The Academics
Are Future Artists Getting the Best from their Programs?
Fun fact: there was a moment in time where myself, Julia May Jonas (who wrote the novel Vladimir and created the TV show of the same name on Netflix), and Jennifer Fawcett (whose second book Keep This For Me has become a breakout hit) were all adjunct faculty at Skidmore College.
We were teaching, respectively, in the Theater, English, and Cinema departments. Each of us was already starting to accomplish huge things, yet the school would not make any of us full-time faculty, which is why my feelings about academia are not super high.
Because for the departments and the students… this was crazy.
I was teaching comic book creation and IP creation- and a few months later would see King Spawn sell 500k copies of its first issue. And then get a development deal at Universal.
Julia would have a hit book, a hit TV show and plays off Broadway.
Jennifer would have plays touring Canada and two hit books from Simon and Schuster.
Classes by us were full.

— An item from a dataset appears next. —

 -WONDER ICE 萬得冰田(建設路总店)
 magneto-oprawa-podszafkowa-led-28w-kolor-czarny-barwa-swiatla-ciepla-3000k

Students were getting tons of access as we were rising in real time.
And… the college did nothing
It was insane not to create full-time jobs for the people I just mentioned; the educational benefits for the students would have been innumerable. But that’s not how academia works, and when you say it out loud, people get mad. I wonder if in the future we’ll have new types of schools or colleges with different types of accreditation. Colleges are becoming outrageously too expensive.

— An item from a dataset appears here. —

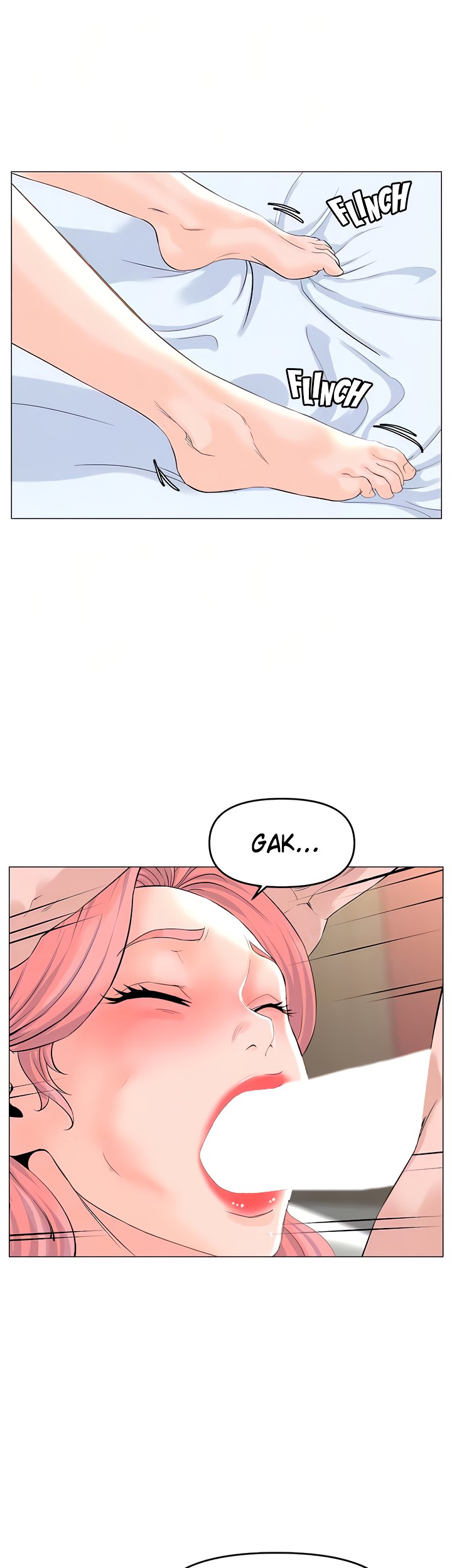 The Neighborhood Celebrity - Chapter 52 [photo 19] - MangaPorn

Maybe that’s what this substack will become…. a new form of school for artists? What if you could use this type of forum to get a high level writing education from high level artists? Hmmmm….
This week, I got asked to speak at the University of Southern California in the fall, in a class that will specifically be about becoming your own “one-person studio”. This is everything right now. How do you rely on no one? It’s probably the only way to get a foot in the door and the only way to actually make money. With each contract, ground is lost by the Writers Guild and the Actors Guild (I don’t know anything about the Directors Guild; maybe they’re doing amazing). Healthcare continues to go up, the amount of available jobs keeps going down, and everyone is kind of trapped in the same situations over and over again.
I’ve survived because I generate and create and control my own work. I know how to do it and how to teach it.